Spring time in the Chilkat Valley is an impressive time. Seems the whole of the world is coming alive and staying busy with fattening up after a (not so) long winter. As I was pulling out of my driveway yesterday, a Sow Moose and her very large yearling were clambering down Cemetery Hill on Mud Bay Rd, headed right for my house. Animals, after a long absence, are emerging from the forest, and can be seen nearly anywhere If your eyes and heart are open to it.
After a six day work week, I am tired, but ready to get out into the real world of forest and river and animal; to have a peek and to get myself right with the world again. I head out around 9:30 Sunday morning and drive north up the Haines Highway. It is raining slightly, but it is not a bother to me. I want to head to a place at 25 mile I know of to look for and to shoot video of Moose. I drive slowly and in a manner of no hurry what so ever. Eyes peeled left, I see an animal on the shores of the only inches deep Chilkat. It appears at first to be a Lynx, but as it turns, I see that it is either a young and lone Wolf, or more than likely, a large Coyote. I pull off the road and the animal drops what it is eating and scrambles up the far embankment. Not wishing to disturb the creature’s fine and tasty meal, I too scramble back onto the road way and wish the Canine farewell. I get to the mudslide area at 19 mile and look out over the sandy river braids and spy two Eagles in a tree top. Between them is a nest the size of my pickup bed. They appear to be guarding it, and once again, I leave them in peace.

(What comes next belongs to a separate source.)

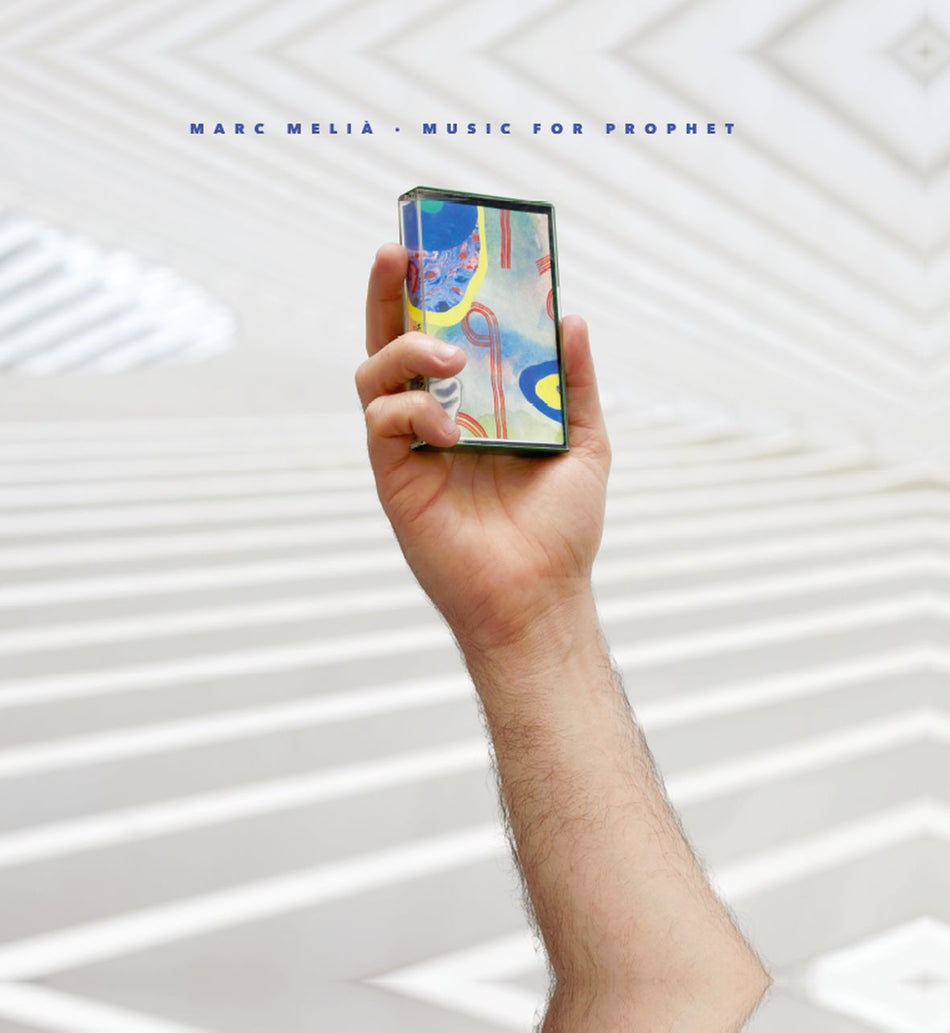 MUSIC FOR PROPHET (vinyl) - Front Cover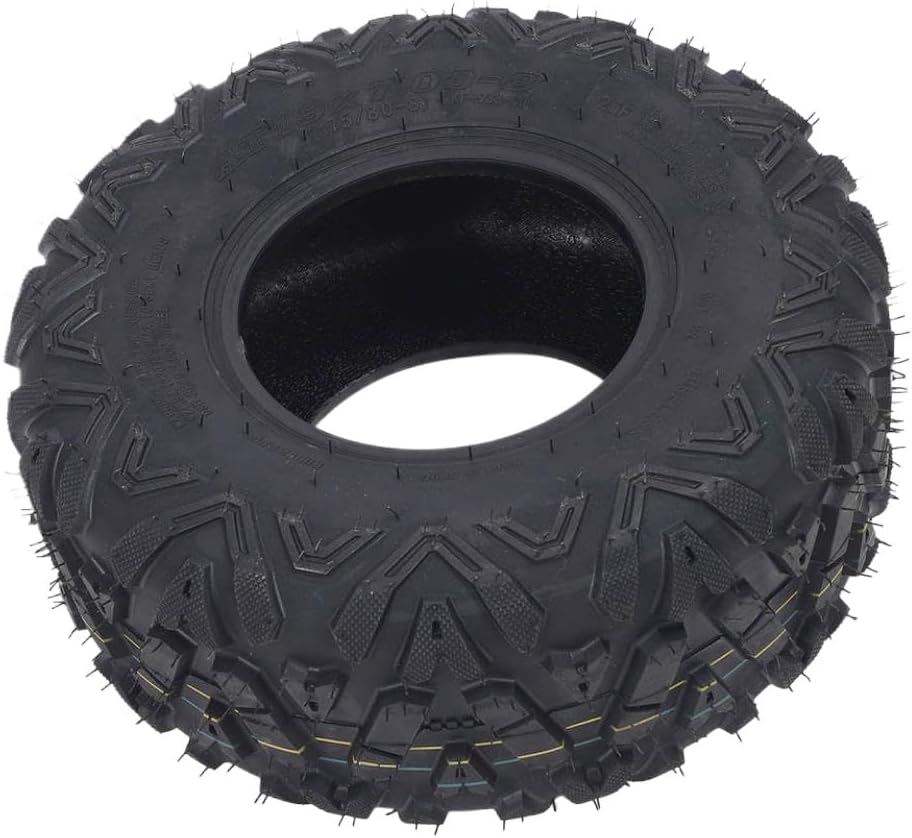 19x7-8 Tire 6 Ply Rubber ATV Tyre 19x7x8 19x7.00-8 Compatible With BT200X CT200U CT200U EX Bikes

After a bit I am nearing the place I want to go, but realize after crossing the Chilkat bridge, there is far too much snow for my two wheel drive truck to handle on the dirt road leading back to the area in question. Reluctantly, I turn around and head back down valley, moving as slowly as before thinking the right place will pop up. At 18 mile, I turn into a pull out and descend into the bushes and thickets leading to the innards of the forest. Camera and tripod are heavy, but I figure it would be worth it to get a shot. Good and sellable clips are rarely placed in front of you, at least when it comes to animals, although I do know some folks with homes situated as to have their own private wild animal zoo in their backyards. I am happy to be thrashing into this forest however. Soon I am on a game trail and Moose dropping appear, though hard to say how old they are. I hear a creek ahead, and I stumble upon what is quite obviously a major Bear/Salmon area, The shores of the creek are heavily trampled, and lying about are many lower jaw bones of last years run. The area is so heavily used looking, I can imagine this place has been a Bear feeding ground for untold centuries. This place is a treasure, and I continue on, contemplating how dangerous it might be in a few short months when the fish are spawning again and the Brown Bears are out feasting. Back at the truck, I head down valley and spot, on the other side of the river, fifteen to twenty Canada Geese on a layover in a massive field. Further out, a moose is grazing peacefully. Having only my Xtra Tuff’s on, I swear to myself I will always carry my hip waders in the back of the truck. I drive through town and down the peninsula, where there are perhaps eight or nine Eagles feasting on the Sleeper Shark that washed ashore last week. On the drive home, I pull off to watch an Otter bobbing it’s head as it swims parallel to the shore in search of fish.
Sure is a spectacular time of year here in Haines…never got even one single shot. Didn’t matter.